Assessment of Risk of Bias
Three reviewers (CF, SR, and AB) will independently conduct a bias risk assessment at the study level in order to assess the quality of the included studies. The validated Cochrane Collaboration Risk of Bias tool (16) will be used as a framework upon which to guide quality assessments for randomised controlled trials. The Newcastle-Ottawa Scale (NOS) will be used for case-control and cohort studies. Critical Appraisal Skills Programme (CASP) checklists will be used for other study types (18,19).

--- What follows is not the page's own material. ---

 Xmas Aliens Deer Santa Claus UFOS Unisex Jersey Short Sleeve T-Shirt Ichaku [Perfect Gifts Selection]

Risk of bias for each domain will be recorded as high, low, or unclear. Any disagreements will be discussed with a third reviewer (MG).
Data Synthesis
Because of concerns about meta-analysis of proportions on very heterogeneous populations, we plan a meta-analysis of outcome stratified by inclusion criteria where possible. A narrative synthesis of the data will also be provided including summary and explanation of characteristics and findings of included studies per outcome. Mortality will be presented as a simple proportion with exact binomial confidence intervals, and pooled mortality estimates will be calculated using generalised linear mixed models (a normal-binomial model). For interventional studies, the outcomes in the usual care arm of the study only will be included in these estimates. Heterogeneity will be quantified with τ2, I2, and Cochran’s Q test. Exploratory meta-regression will be undertaken to explore heterogeneity by including covariates as fixed effects (e.g. year of recruitment, proportion of patients infected with HIV, median age) and testing for improved model fit by likelihood ratio testing of nested models. A p value of < 0.05 will be considered a statistically significantly improved fit. Summary estimates of one month mortality, where available, will be considered together and presented in the same way. Pooled prevalence estimates of malaria, acute bacterial or viral meningitis, encephalitis and bloodstream infection, will be calculated using random effects meta-analysis as above. For these aetiology analyses, we will include all studies, regardless of coma definition, and will include both usual care and intervention arms of RCTs. A sensitivity analysis will also be performed at the outcome level using the high-quality studies only (15). A table of study characteristics will be provided and the risk of bias for included studies will be described throughout the synthesis.